Synthetic Git merges

by Edward Z. Yang

In theory, Git supports custom, low-level merge drivers with the merge configuration properties. In practice, no one actually wants to write their own merge driver from scratch. Well, for many cases where a custom merge driver would come in handy, you don’t have to write your merge driver from scratch! Consider these cases:

  • You want to merge files which have differing newline styles,
  • You want to merge files where one had lots of trailing whitespace removed,
  • You want to merge files one branch has replaced certain strings with custom strings (for example, a configuration file which instantiated PASSWORD, or a file that needs to be anonymized if there is a merge conflict),
  • You want to merge a binary file that has a stable textual format, or
  • You want to merge with knowledge about specific types of conflicts and how to resolve them (a super-smart rerere).

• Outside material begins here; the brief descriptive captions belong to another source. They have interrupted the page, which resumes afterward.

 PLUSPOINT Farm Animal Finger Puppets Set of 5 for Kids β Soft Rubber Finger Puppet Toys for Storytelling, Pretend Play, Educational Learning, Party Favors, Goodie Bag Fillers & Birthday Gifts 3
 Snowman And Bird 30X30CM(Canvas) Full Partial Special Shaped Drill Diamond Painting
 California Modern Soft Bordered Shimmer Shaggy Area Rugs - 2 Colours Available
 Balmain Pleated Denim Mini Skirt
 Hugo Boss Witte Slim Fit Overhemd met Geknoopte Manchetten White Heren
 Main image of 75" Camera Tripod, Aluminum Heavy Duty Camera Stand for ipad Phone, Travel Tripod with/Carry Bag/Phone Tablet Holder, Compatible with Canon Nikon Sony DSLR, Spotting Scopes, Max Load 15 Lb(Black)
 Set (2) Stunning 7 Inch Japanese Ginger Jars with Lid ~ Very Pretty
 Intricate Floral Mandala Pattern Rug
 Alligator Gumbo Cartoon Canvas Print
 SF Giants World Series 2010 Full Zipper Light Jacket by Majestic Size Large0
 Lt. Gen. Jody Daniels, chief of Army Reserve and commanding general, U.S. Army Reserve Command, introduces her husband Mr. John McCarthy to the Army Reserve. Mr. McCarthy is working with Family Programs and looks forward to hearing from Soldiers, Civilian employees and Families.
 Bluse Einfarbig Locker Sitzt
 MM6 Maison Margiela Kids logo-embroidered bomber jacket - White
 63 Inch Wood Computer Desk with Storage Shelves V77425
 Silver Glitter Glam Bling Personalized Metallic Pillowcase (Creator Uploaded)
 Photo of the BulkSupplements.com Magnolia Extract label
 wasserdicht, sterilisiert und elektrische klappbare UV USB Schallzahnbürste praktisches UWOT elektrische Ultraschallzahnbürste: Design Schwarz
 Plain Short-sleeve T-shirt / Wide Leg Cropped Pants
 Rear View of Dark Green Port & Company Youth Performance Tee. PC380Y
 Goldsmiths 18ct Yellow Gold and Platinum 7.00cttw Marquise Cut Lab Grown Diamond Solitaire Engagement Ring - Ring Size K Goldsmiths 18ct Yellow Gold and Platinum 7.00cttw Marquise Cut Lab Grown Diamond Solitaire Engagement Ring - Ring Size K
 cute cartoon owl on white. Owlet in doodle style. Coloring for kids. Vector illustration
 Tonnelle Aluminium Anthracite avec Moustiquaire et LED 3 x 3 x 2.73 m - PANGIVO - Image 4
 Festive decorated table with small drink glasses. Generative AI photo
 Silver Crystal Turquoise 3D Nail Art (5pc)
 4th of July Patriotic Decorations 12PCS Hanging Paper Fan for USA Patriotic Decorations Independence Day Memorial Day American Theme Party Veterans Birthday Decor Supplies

For all of these cases, you can instead perform a synthetic Git merge by modifying the input files (constructing synthetic merge inputs), calling Git’s git merge-file to do the actual merge, and then possibly editing the result, before handing it back off to the original invoker of your merge driver. It’s really simple. Here’s an example driver that handles files with differing newline styles by canonicalizing them to UNIX:

dos2unix "$CURRENT"
dos2unix "$ANCESTOR"
dos2unix "$OTHER"
exec git merge-file "$CURRENT" "$ANCESTOR" "$OTHER"

You can then set it up by frobbing your .git/config:

        name = Newline driver
        driver = /home/ezyang/ %A %O %B

And your .git/info/attributes:

*.txt merge=nl

In Wizard, we implemented (more clever) newline canonicalization, configuration value de-substitution (this reduces the diff between upstream and downstream, reducing the amount of conflicts due to proximity), and custom rerere behavior. I’ve also seen a coworker of mine use this technique manually to handle merge conflicts involving trailing whitespace (in Mercurial, no less!)

Actually, we took this concept further: rather than only create synthetic files, we create entirely synthetic trees, and then call git merge on them proper. This has several benefits:

  • We can now pick an arbitrary ancestor commit to perform the merge from (this, surprisingly enough, really comes in handy for our use-case),
  • Git has an easier time detecting when files moved and changed newline style, etc, and
  • It’s a bit easier to use, since you just call a custom command rather than have to remember how to setup your Git config and attributes properly (and keep them up to date!)

Merges are just metadata—multiple parents commits. Git doesn’t care how you get the contents of your merge commit. Happy merging!